Wayne Cole provides an update on European and global markets for the day ahead.

It was a quiet start to the month, with public holidays in the United States and Canada reducing liquidity ahead of a deluge of data that will culminate in the release of U.S. jobs figures on Friday. Wall Street and European stock futures were little changed.

Asian PMIs for August were decent, with China’s Caixin index hitting 50.4, beating expectations of 50.0, although it also showed the first decline in new export orders in eight months. Chinese stocks continued to fall, however, as losses in the property sector weighed.

Japan’s PMI also improved to 49.8, as business investment accelerated in the second quarter. Markets continue to bet that the Bank of Japan will hesitate to raise rates in October, although the meeting is at the end of the month and there will be plenty more data under the bridge by then. As long as the Nikkei doesn’t collapse, the BOJ may want to get back on track to normalize policy.
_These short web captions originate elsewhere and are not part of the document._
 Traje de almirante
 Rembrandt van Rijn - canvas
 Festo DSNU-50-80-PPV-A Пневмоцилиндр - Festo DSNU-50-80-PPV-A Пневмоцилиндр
As for the Fed, markets are betting that the size of the September rate cut could hinge on the payrolls report, given that Chairman Powell has been adamant that he does not want to see further weakness in the labor market.

A result in line with forecasts of +165,000 and 4.2% would further reduce the chances of a 50 basis point cut, although it would take an extraordinarily strong report for markets to abandon the 25 basis point idea.

Forecasts range from +100,000 to +208,000 and from 4.1% to 4.4%, and anything resembling the latter would reignite recession talk and prompt investors to call for a half-point cut in rates. Futures are at 100% for 25 basis points and 31% for 50 basis points.

Fed Governor Christopher Waller and New York Fed President John Williams will speak after the jobs figures are released, allowing the market to react almost instantly.

ISM surveys, JOLTS and ADP payrolls, trade and the Fed’s Beige Book will also be important this week.

The Bank of Canada is expected to cut rates on Wednesday, with markets pricing in a 22% chance it will cut rates by 50 basis points, given signs of economic stagnation in July.

In currencies, the euro was not helped by the victory of far-right parties in German regional elections, which added a new layer of political uncertainty over the fate of the EU. The euro is stuck at $1.1050, with support at $1.0948. The dollar edged down to 146.00 yen, after hitting a high of 146.60.

Key developments that could influence markets on Monday:

– S&P Global PMIs for Germany, France, UK and EU

– Introductory statement by Claudia Buch, ECB Banking Supervisor, at the hearing of the European Parliament’s Committee on Economic and Monetary Affairs.